» **Information provided**
══════════════════════════════

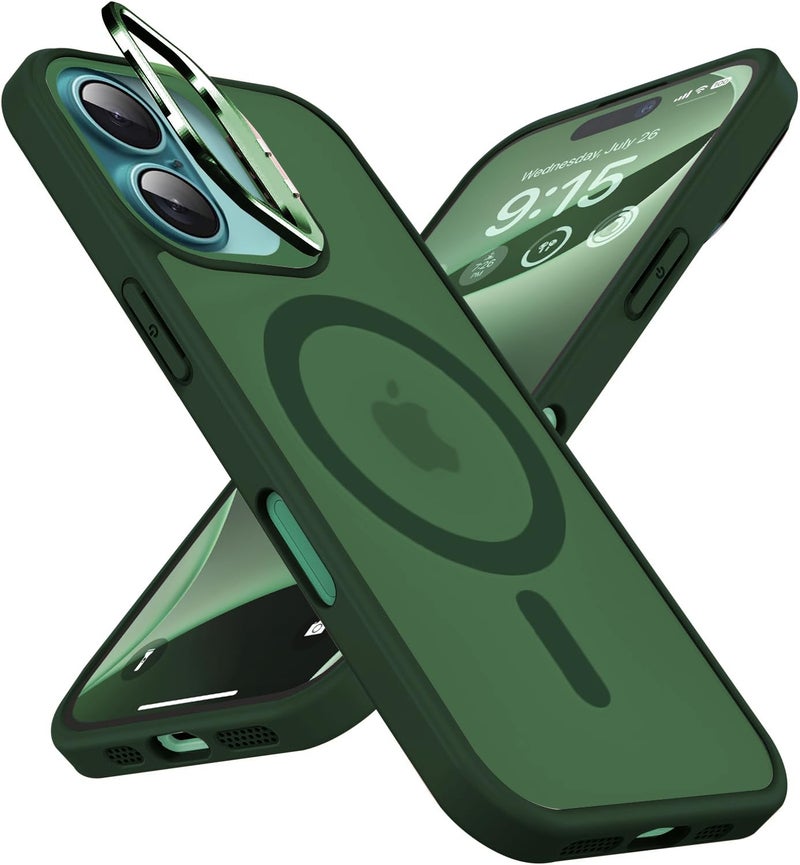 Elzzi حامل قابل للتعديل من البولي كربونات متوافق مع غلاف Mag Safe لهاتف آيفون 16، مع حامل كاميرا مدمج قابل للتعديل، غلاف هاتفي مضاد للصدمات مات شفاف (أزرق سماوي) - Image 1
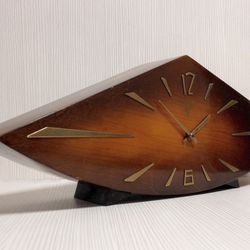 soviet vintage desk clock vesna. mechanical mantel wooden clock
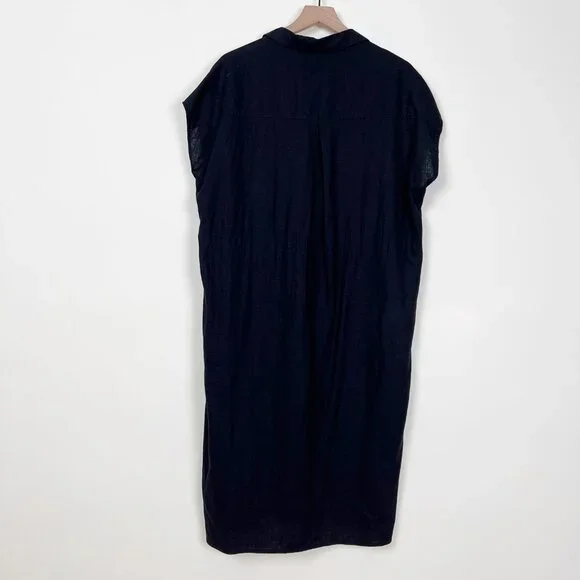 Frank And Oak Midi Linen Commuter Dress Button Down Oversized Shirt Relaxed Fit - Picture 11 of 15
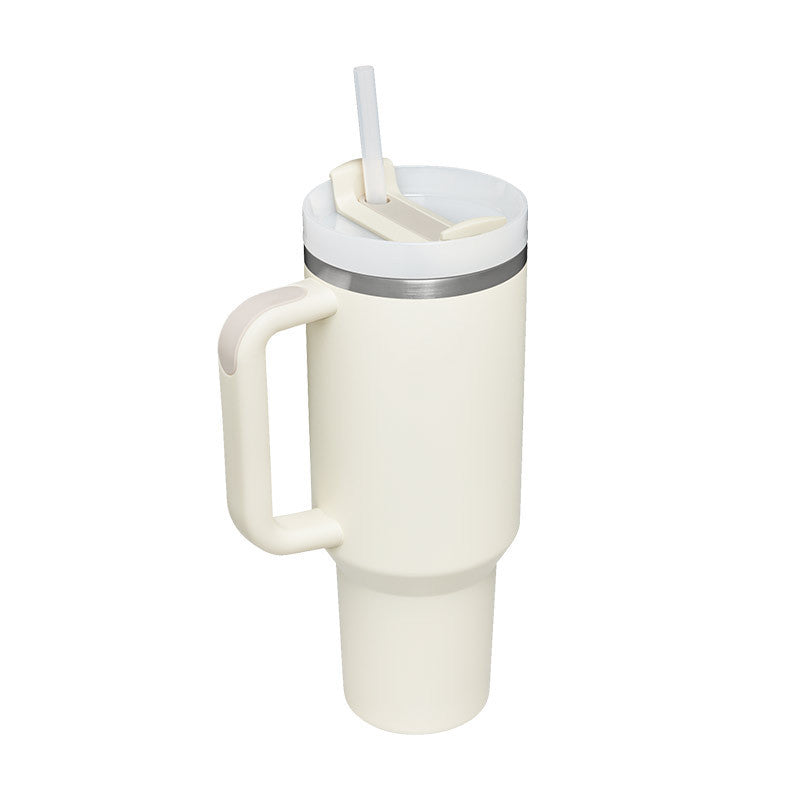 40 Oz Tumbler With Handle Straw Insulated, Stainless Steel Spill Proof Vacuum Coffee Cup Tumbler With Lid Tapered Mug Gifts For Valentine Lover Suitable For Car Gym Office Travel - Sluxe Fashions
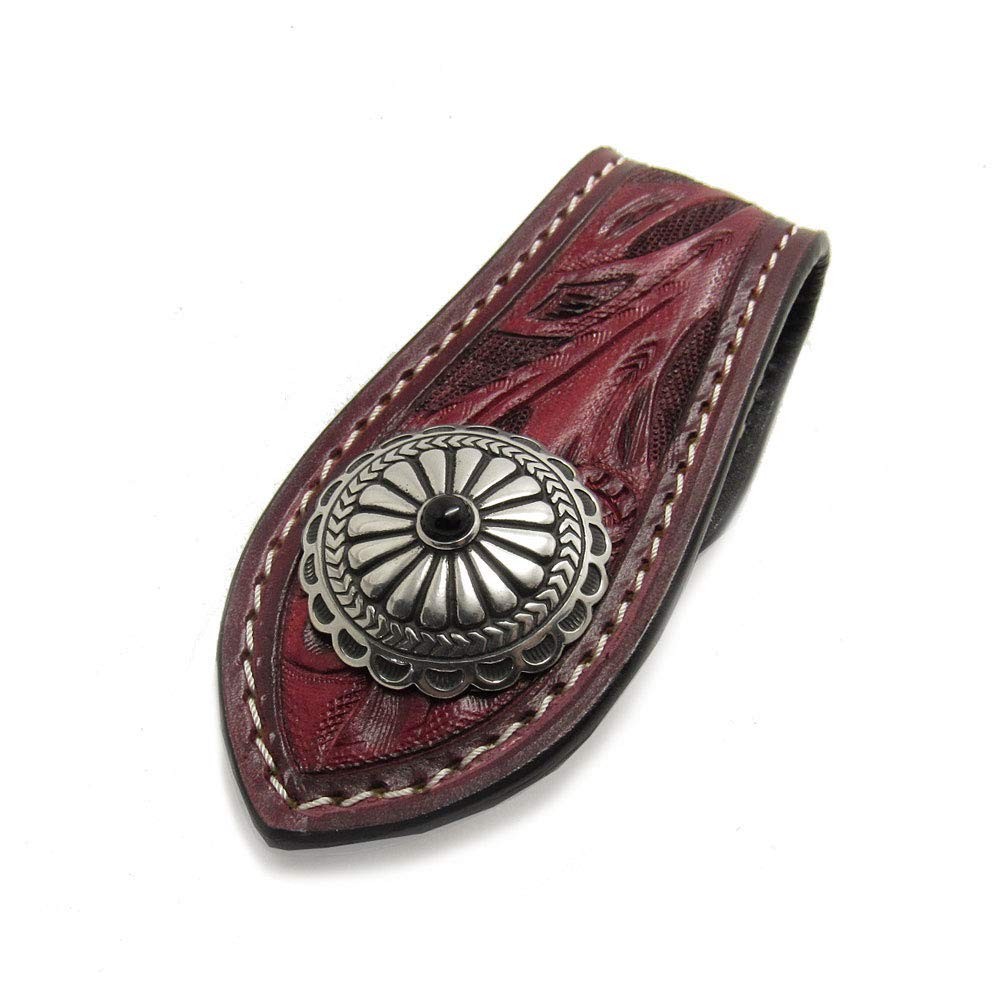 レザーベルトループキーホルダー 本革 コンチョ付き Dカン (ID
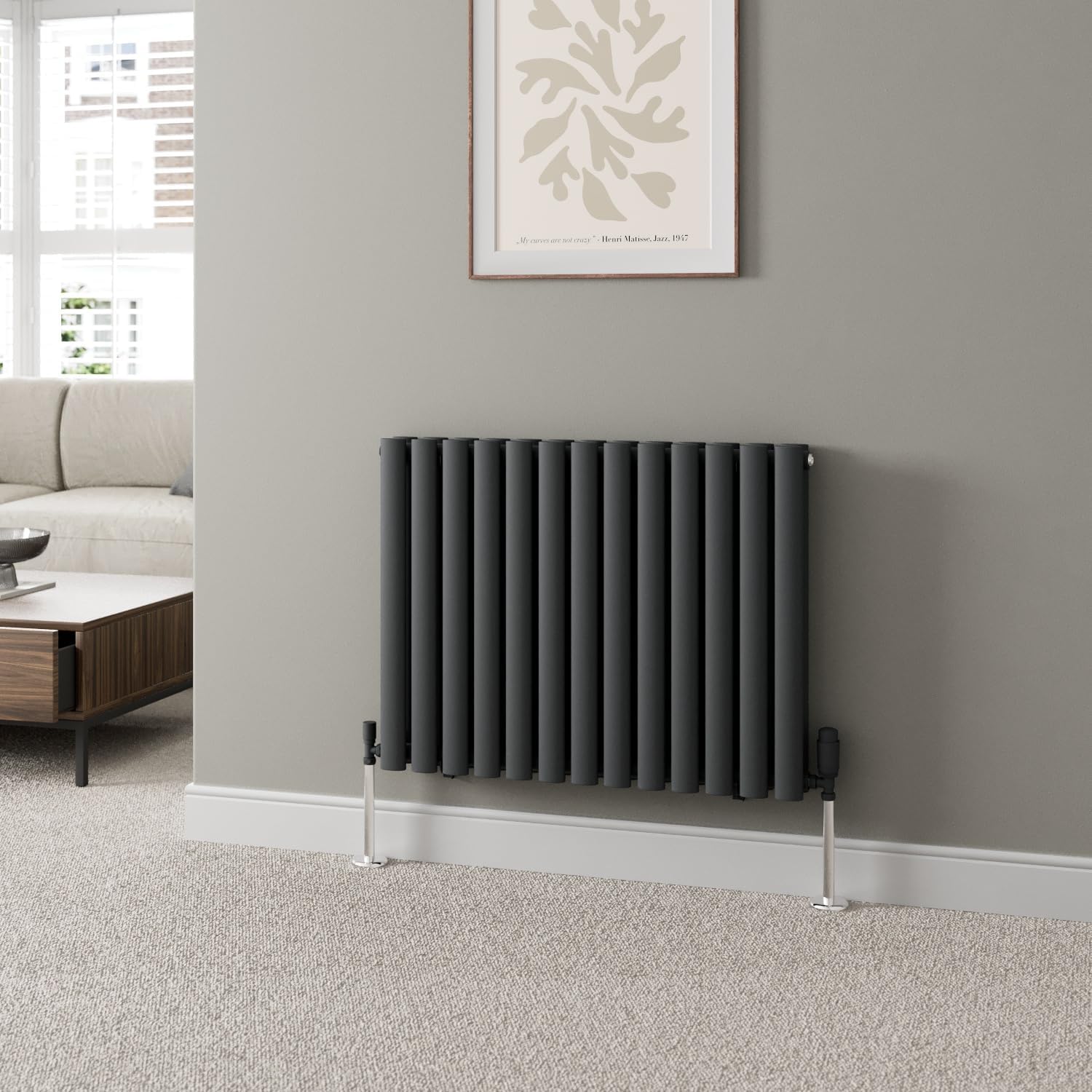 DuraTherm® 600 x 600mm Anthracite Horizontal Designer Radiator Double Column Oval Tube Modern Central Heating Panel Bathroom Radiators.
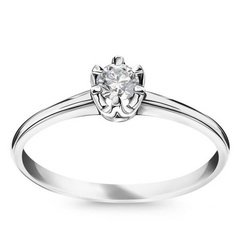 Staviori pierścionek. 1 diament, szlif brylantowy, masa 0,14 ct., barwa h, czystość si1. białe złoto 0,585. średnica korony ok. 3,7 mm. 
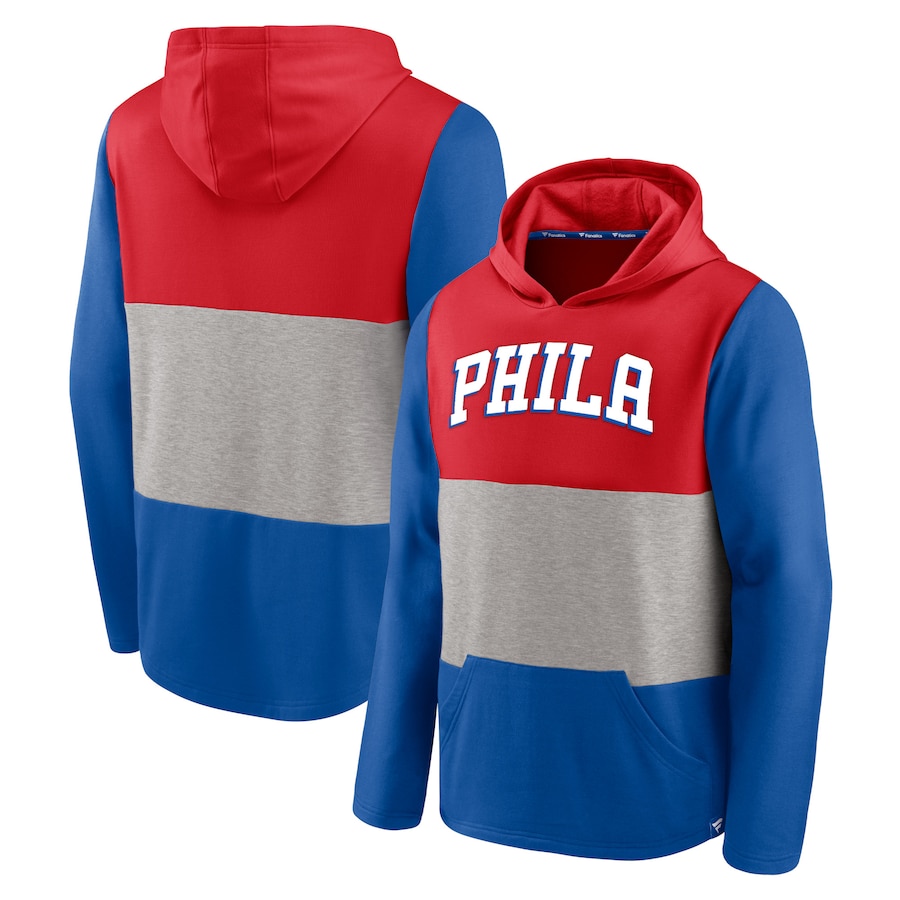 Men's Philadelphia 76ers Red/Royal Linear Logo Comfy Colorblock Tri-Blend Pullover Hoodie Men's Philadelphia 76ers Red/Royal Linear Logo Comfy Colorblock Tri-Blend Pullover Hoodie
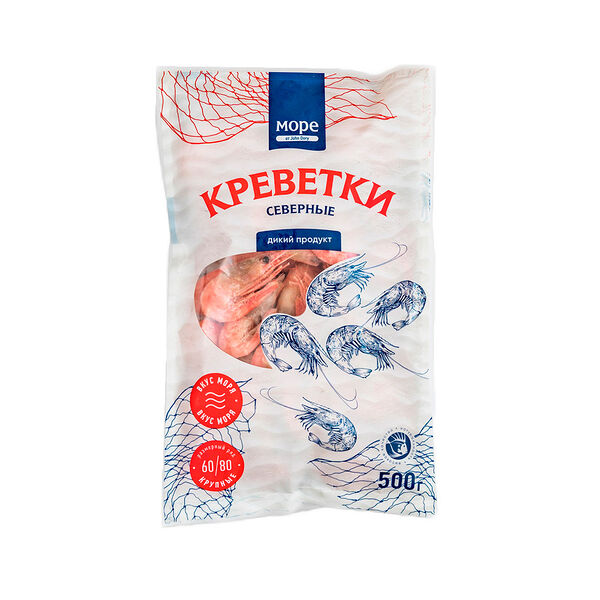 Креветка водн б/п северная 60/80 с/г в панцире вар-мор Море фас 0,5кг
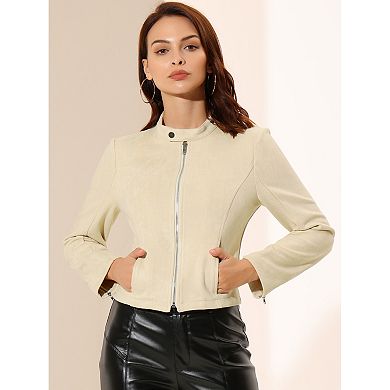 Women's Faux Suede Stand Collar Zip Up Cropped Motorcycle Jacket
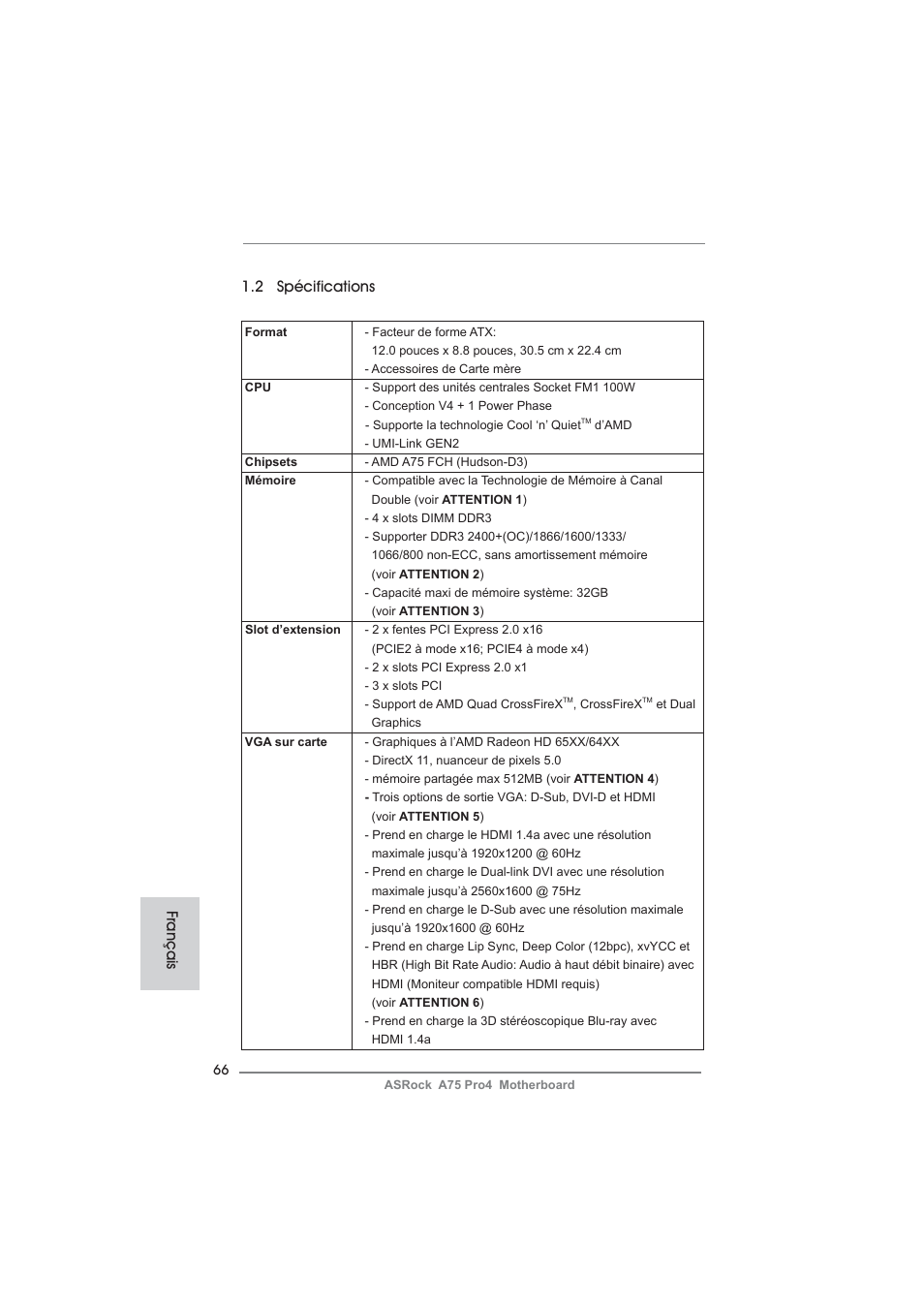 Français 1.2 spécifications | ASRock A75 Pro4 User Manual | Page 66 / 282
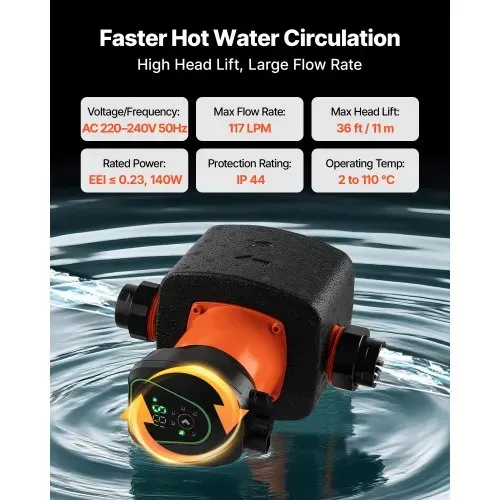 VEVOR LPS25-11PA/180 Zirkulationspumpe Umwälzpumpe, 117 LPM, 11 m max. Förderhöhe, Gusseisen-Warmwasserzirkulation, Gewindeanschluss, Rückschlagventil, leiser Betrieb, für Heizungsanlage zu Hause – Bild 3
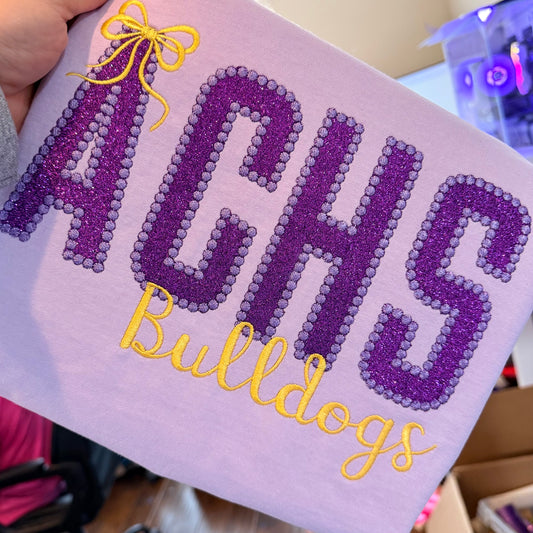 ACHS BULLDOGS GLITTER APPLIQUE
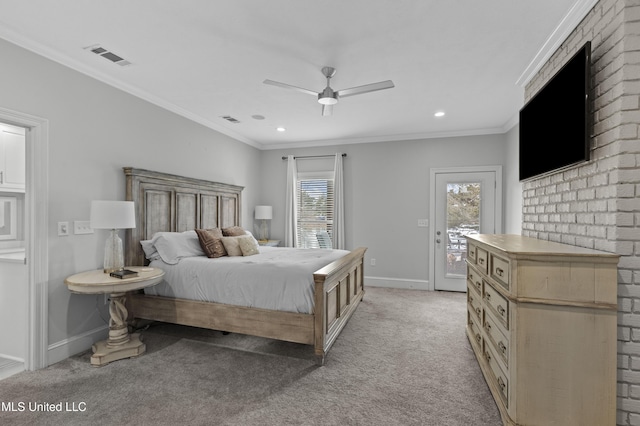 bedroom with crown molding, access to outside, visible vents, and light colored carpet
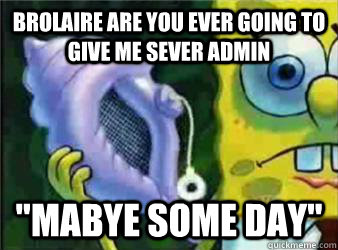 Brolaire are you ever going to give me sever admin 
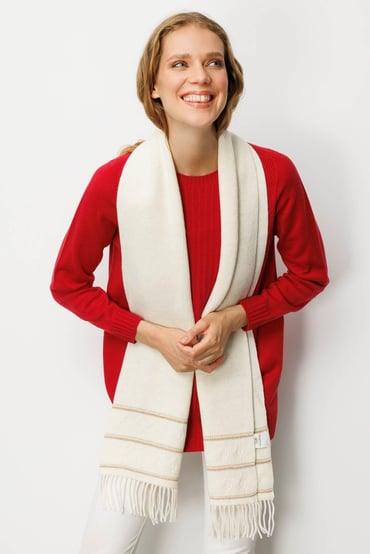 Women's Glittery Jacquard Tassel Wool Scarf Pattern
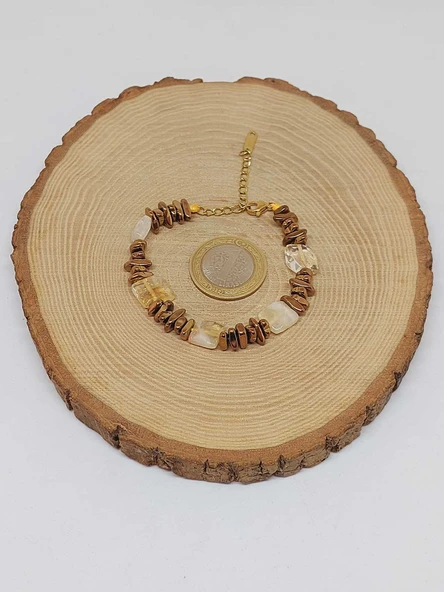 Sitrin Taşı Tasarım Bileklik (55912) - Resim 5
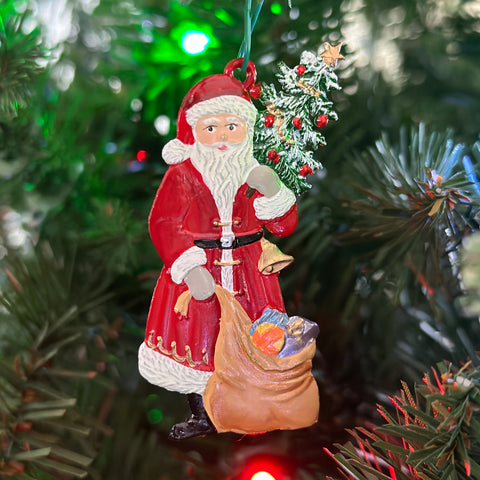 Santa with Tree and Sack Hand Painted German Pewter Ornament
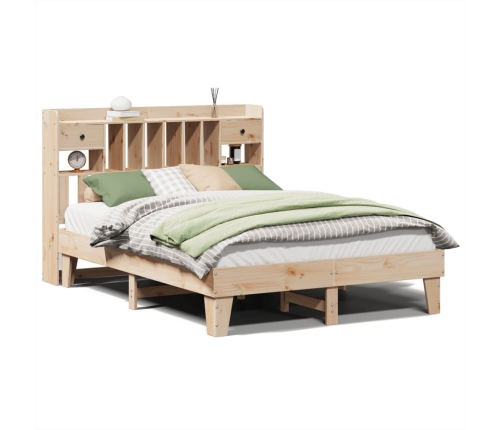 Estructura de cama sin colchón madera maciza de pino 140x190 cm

══════════════════════════════

» **Directions for this task**
Across all the lines above, repeat the wording exactly and omit the pictures.

» **Your solution**
 Elzzi حامل قابل للتعديل من البولي كربونات متوافق مع غلاف Mag Safe لهاتف آيفون 16، مع حامل كاميرا مدمج قابل للتعديل، غلاف هاتفي مضاد للصدمات مات شفاف (أزرق سماوي) - Image 1
 soviet vintage desk clock vesna. mechanical mantel wooden clock
 Frank And Oak Midi Linen Commuter Dress Button Down Oversized Shirt Relaxed Fit - Picture 11 of 15
 40 Oz Tumbler With Handle Straw Insulated, Stainless Steel Spill Proof Vacuum Coffee Cup Tumbler With Lid Tapered Mug Gifts For Valentine Lover Suitable For Car Gym Office Travel - Sluxe Fashions
 レザーベルトループキーホルダー 本革 コンチョ付き Dカン (ID
 DuraTherm® 600 x 600mm Anthracite Horizontal Designer Radiator Double Column Oval Tube Modern Central Heating Panel Bathroom Radiators.
 Staviori pierścionek. 1 diament, szlif brylantowy, masa 0,14 ct., barwa h, czystość si1. białe złoto 0,585. średnica korony ok. 3,7 mm. 
 Men's Philadelphia 76ers Red/Royal Linear Logo Comfy Colorblock Tri-Blend Pullover Hoodie Men's Philadelphia 76ers Red/Royal Linear Logo Comfy Colorblock Tri-Blend Pullover Hoodie
 Креветка водн б/п северная 60/80 с/г в панцире вар-мор Море фас 0,5кг
 Women's Faux Suede Stand Collar Zip Up Cropped Motorcycle Jacket
 Français 1.2 spécifications | ASRock A75 Pro4 User Manual | Page 66 / 282
 VEVOR LPS25-11PA/180 Zirkulationspumpe Umwälzpumpe, 117 LPM, 11 m max. Förderhöhe, Gusseisen-Warmwasserzirkulation, Gewindeanschluss, Rückschlagventil, leiser Betrieb, für Heizungsanlage zu Hause – Bild 3
 ACHS BULLDOGS GLITTER APPLIQUE
 bedroom with crown molding, access to outside, visible vents, and light colored carpet
 Brolaire are you ever going to give me sever admin 
 Women's Glittery Jacquard Tassel Wool Scarf Pattern
 Sitrin Taşı Tasarım Bileklik (55912) - Resim 5
 Santa with Tree and Sack Hand Painted German Pewter Ornament
 Estructura de cama sin colchón madera maciza de pino 140x190 cm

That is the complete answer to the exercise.